You Don’t Wanna Know J.A.C.K.
The name’s Jack…John Jack. I’m no smooth talking, pretty boy secret agent; I’m Just Another Contract Killer (J.A.C.K.). Get it? Can you stand the wit?
I’m working for a guy named Volkov from this gang called H.A.R.M. I don’t really know what they’re all about, but I’m stuck between a rock and a hard place with too many guns pointed in my direction. All I need to do is take out these no-talent goons from an outfit called Danger! Danger! with big plans to do who knows what. That Volkov character doesn’t tell me much about my missions and the rat has me running around doing his dirty work. Can’t say I’m surprised. I guess that’s the life for Contract J.A.C.K.

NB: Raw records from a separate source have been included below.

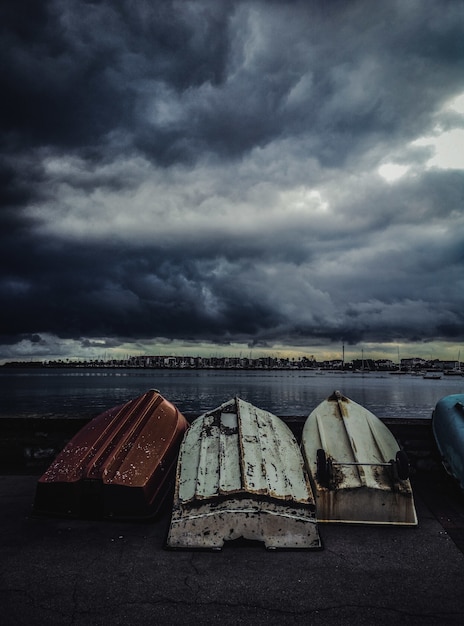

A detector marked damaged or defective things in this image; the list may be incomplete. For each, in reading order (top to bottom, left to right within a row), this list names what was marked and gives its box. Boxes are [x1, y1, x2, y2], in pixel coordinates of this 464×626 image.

peeling paint on hull [32, 390, 188, 516]
peeling paint on hull [168, 398, 322, 548]
peeling paint on hull [302, 390, 418, 528]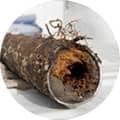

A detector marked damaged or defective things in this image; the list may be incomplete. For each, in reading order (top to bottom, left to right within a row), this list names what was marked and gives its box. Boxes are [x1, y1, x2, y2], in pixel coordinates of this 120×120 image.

flaking rust [0, 19, 101, 108]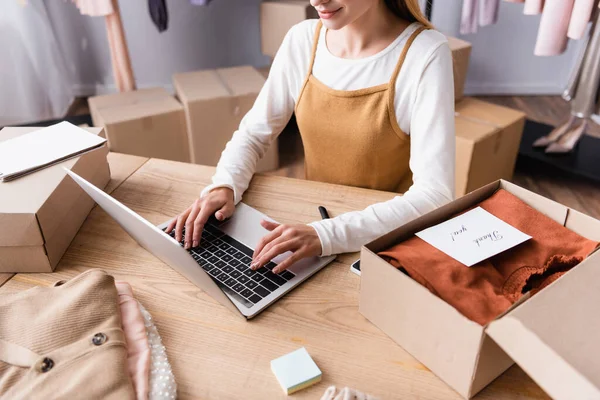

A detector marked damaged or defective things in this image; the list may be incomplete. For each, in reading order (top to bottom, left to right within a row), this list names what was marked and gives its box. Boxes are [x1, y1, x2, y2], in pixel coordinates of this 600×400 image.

folded rust clothing [382, 190, 596, 324]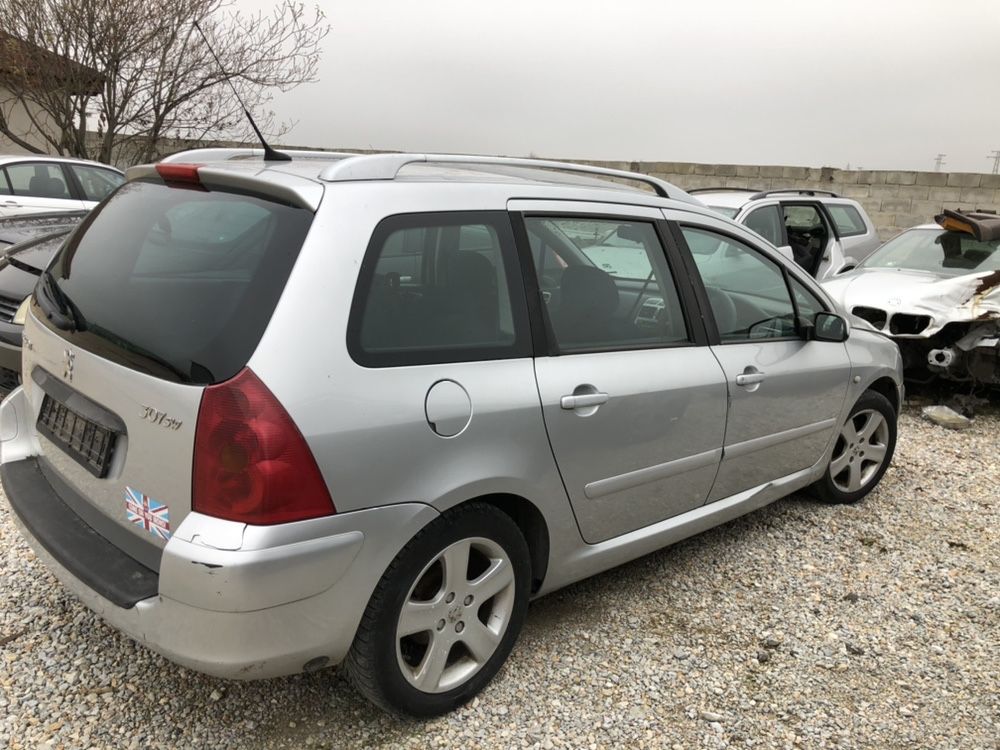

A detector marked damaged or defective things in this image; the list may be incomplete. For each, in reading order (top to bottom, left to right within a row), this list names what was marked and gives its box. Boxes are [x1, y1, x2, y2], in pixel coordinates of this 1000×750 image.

damaged white car [820, 212, 1000, 388]
wrecked car [824, 212, 1000, 388]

Unlike other secret agents you might be familiar with, I’m a down and dirty player that isn’t afraid to spray some blood on the wall. In fact, that’s about all I do. None of that “searching for stuff” or “sneaking around” crap for me! No getting side-tracked with secondary objectives, no looting bodies for ammo – just wave after wave of bad guys to mow down. All I need is my trusty steel and it’s on like Donkey Kong.
Considering that I’m stuck in the same universe as that hottie Cate Archer (remember? The chick who tried to Live
Forever?), you’d expect plenty of tongue-in-cheek comic relief. Well, I’m not much into comedies, so don’t think you’ll be laughing much. I never could understand the whole wacko warlord scenario anyway. Whacking people is pretty serious business for me.
And speaking of serious business, let’s talk about guns. My arsenal isn’t fancy; it just gets the job done. Some of my toys include the trusty Desert Eagle, the Gordon 9mm submachine gun and the ever-popular Vindicator crossbow that shoots explosive rounds. Nothing here you haven’t seen before. I’ve also got some flashbangs, frag grenades and C4, but it’s all icing on the same old vanilla cake.
My job is simple: shoot first and don’t ask any questions later. It’s just too bad that these chumps are such pushovers; this Volkov gig is easier than shooting fish in a barrel. Goons and guards alike show very little in the way of brain cells as they run toward me with reckless abandon. I can’t believe these guys. One minute they’re ducking behind nearby crates and the next they’re rushing at me like a bunch of lemmings toward a fifty-foot cliff. Someone call my secretary and book a massage – I’ll be done with this deal in a couple hours or so.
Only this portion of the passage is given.